The Elinor Ostrom Chair in Environmental Studies and Commons Governance is the fourth academic position created by the Trustees of the Center for a Stateless Society. Each chair is designed and charged with advancing our understanding of what constitutes a flourishing stateless society. The Elinor Ostrom Chair in Environmental Studies and Commons Governance has a special focus on environmental-ecological concerns, common-pool resources, horizontal-collaborative governance and the polycentric structures that promise their viability and endurance.
It is named in honor of the brilliant, prolific and passionate economist and political scientist Elinor Ostrom. Ostrom’s life, work, Workshop (research databases and libraries) and “a 50 year legacy of nurturing young scholars focused on solutions oriented research” demonstrates a powerful commitment to describing a a world beyond states and capitalism. A world where people are not at the mercy of the scarcity facts of the universe or the monocentric institutions desperately presumed as our only means of salvation. A world where people, communities, environments and resources are all important parts of governance problems and their quick-fix “Faustian Bargain” solutions are kept in view, in check, impossible and irrelevant.
Kevin Carson described Elinor Ostrom as “characterized above all by a faith in human creativity and agency, and an unwillingness to let a priori theoretical formulations either preempt [her] perceptions of the particularity and “is-ness” of history, or to interfere with the ability of ordinary, face-to-face groupings of people on the spot to develop workable arrangements — whatever they may be — among themselves.”
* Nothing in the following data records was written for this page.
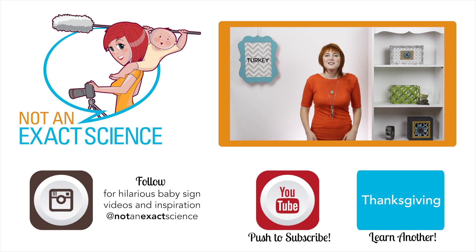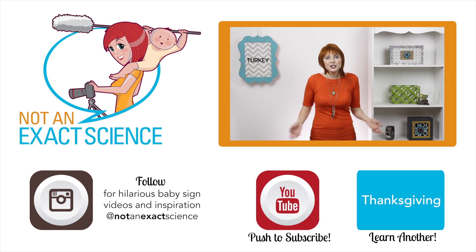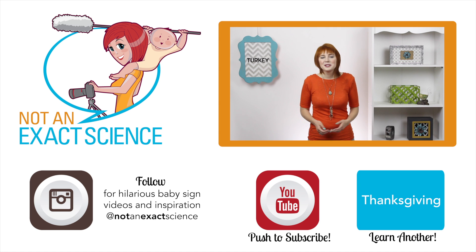Please let us know if you found this video to be helpful by clicking like or giving us a thumbs up. And be sure to share your signing stories in the comments below to inspire other moms and ask any questions that you have. Thank you so much for learning with us.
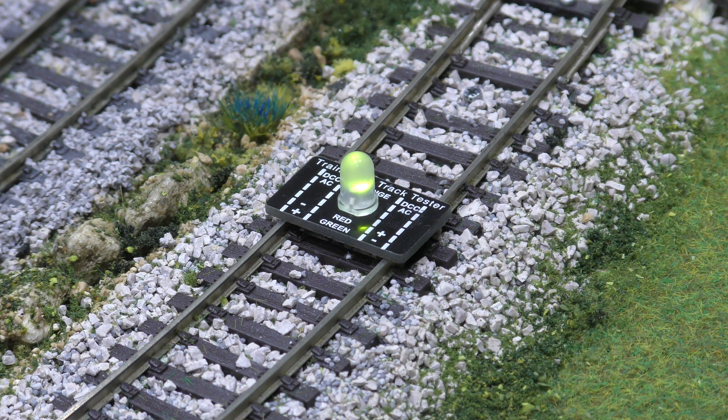Just a short video — a few people have asked about testing track and an easy way of doing it. You do not need to spend pounds on a multimeter or any other type of meter. This device here is a track tester; they're about seven pounds fifty off eBay — just do a search for 'track tester'.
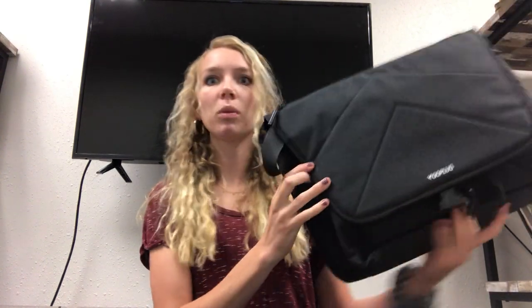Hey guys, it's Hermana Bailey. I served my mission in Neokin, Argentina over three years ago. I'm actually working for a company in Provo called Evios and we design bags. One of these bags that we just designed is called the Go Plug Messenger.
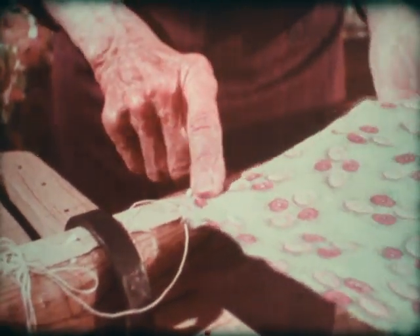It holds it on the bed and it won't slip off, the way smooth or silky material will slip off.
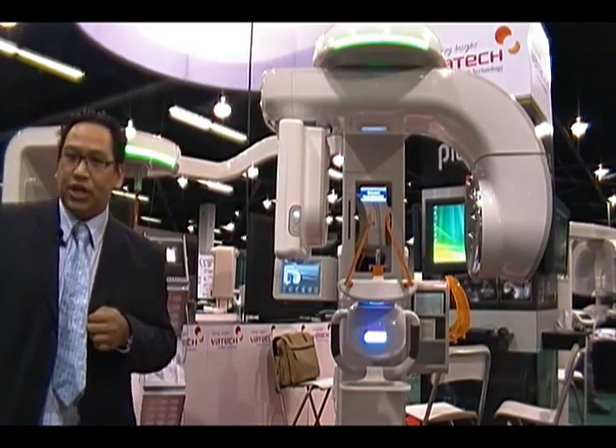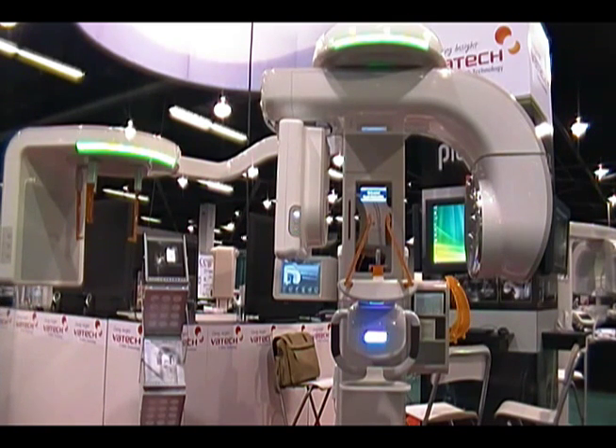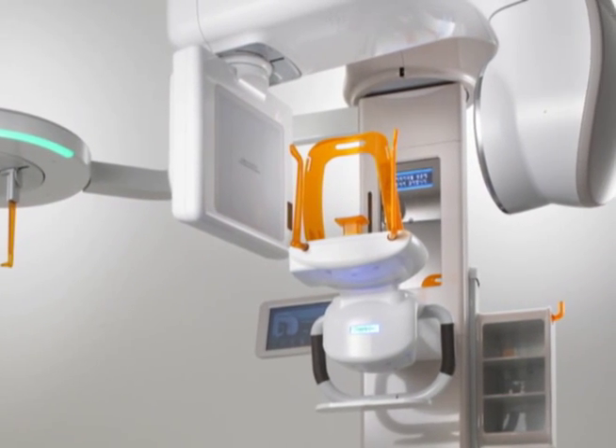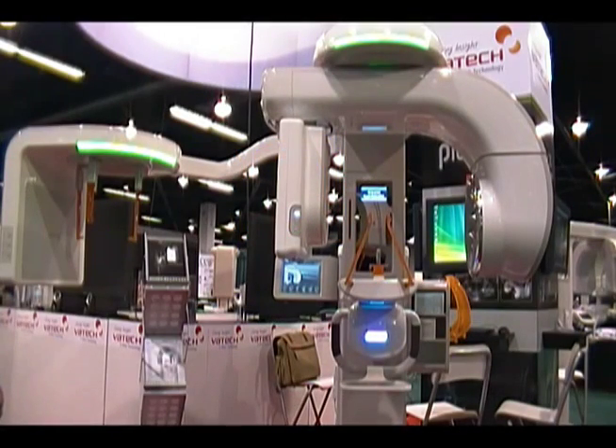The device you see behind me is called the PAX Reve 3D. This is one of the most amazing units in the industry. What's unique about this device is that we have three different types of imaging modality: a digital pan, digital CT, and of course a digital ceph. What's unique about it is we're using the best imaging sensor for every modality, so there's no compromises on image quality.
This is the charge of The Elinor Ostrom Chair in Environmental Studies and Commons Governance, to communicate, in detail, not only the importance and benefits of a stateless society to environmental concerns and issues of common-pool resource governance, but its advantages.
To be awarded The Elinor Ostrom Chair in Environmental Studies and Commons Governance position signals a scholar’s energy and capacity to contribute, in outstanding ways, to that interdisciplinary field of social theory — drawing on resources in ecology, economics, philosophy, sociology, history, among other fields — known as Environmental Studies and Commons Governance.